Thursday, April 22, 2010

I'm years ahead of this guy

After all, he picked up piano at age 48, I started when I was 39.

Cincinnati Bengals Line Coach takes up piano

What's interesting about this is that he took up the instrument to get inside the mind of a performer. Money quote:

Because, over the course of a night, if (a concert pianist) plays 20,000 notes, and he misses a couple, he's had a bad night. And that's kind of the business I'm in - teaching people how to perform, particularly under pressure.

Never quite thought about it that way, although, with public recital #2 coming up in about 5 weeks, I should. I knew piano would teach me about music and preparation It has re-affirmed a lot of what I already knew, mainly having to do with HOW we learn things. But it never occurred to me to think of approaching piano from the perspective of a performer.

I'm going to have to think about this a little while more, but wanted to share it with you anyway.

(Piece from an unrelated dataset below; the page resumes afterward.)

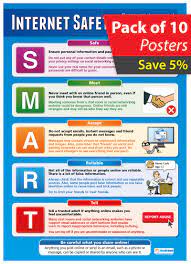 We did not find results for: Set Of 10 Internet Safety Posters Daydream Education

- Aw2pp, recalcitrant perfectionist

3 comments:

pdxknitterati/MicheleLB said...

Have you read "The Inner Game of Music" by Barry Green & Timothy Gallwey? Gallwey wrote "The Inner Game of Tennis."

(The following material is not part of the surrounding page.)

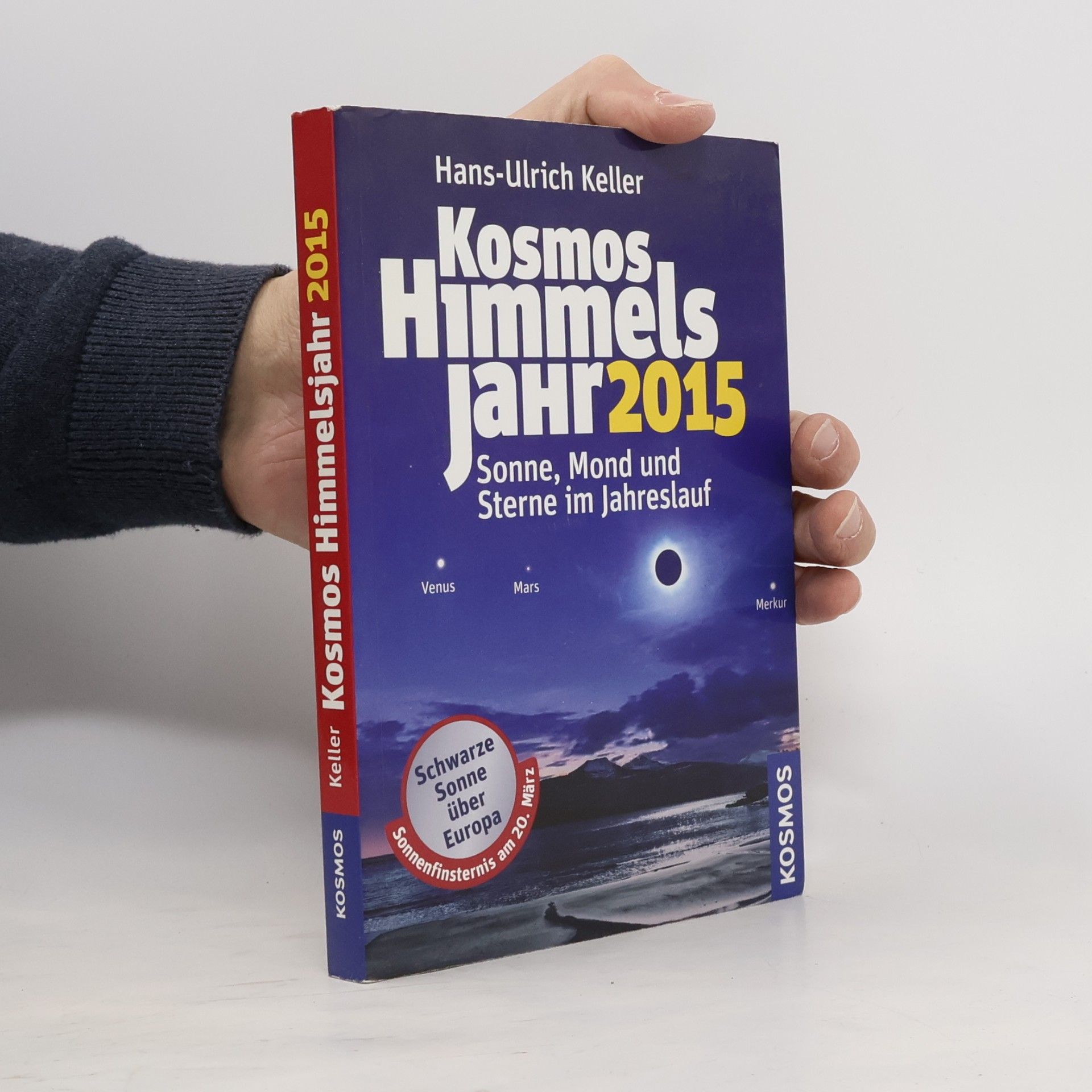 Kosmos Himmelsjahr 2015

Funny to be relating backwards from music to sports to music!

And I don't think missing a few notes is a bad night; coach has it wrong there.

ral said...

I have that same "perfectionist" streak in my nature. For me, a big part of learning to perform is coming to grips with that.

I know my teacher would say "nobody cares about those wrong notes." Well, even if I don't quite believe that the idea behind it is right -- to play musically I have to ignore the mistakes and keep going.

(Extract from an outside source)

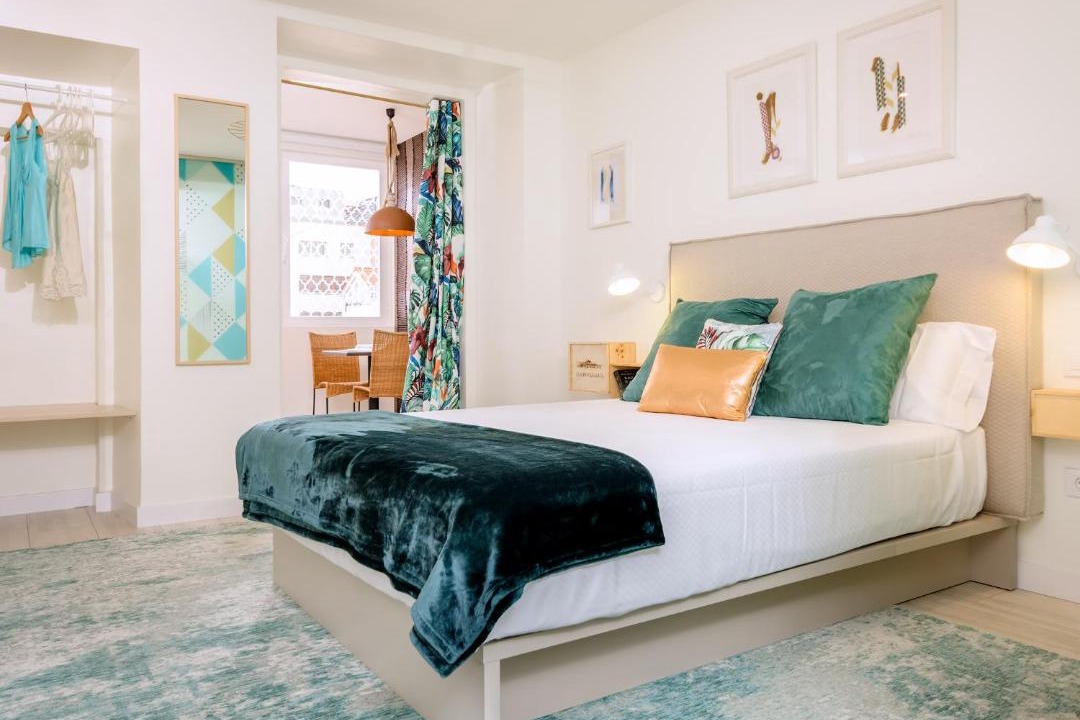 Photo of Bedroom in Vitoria-Gasteiz Old Town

It took me about three years of lessons before I was satisfied with the way I performed a piece. Coming up on 7 years now I still get butterflies but I have come to enjoy playing for others to hear. Like everything else, it requires practice.

pdxknitterati/MicheleLB said...

That's what I'm working on now, to be able to keep going without that huge pause that screams "I made a mistake!" Because really, if people don't know the piece, and you don't point it out, but keep playing musically, who's going to know?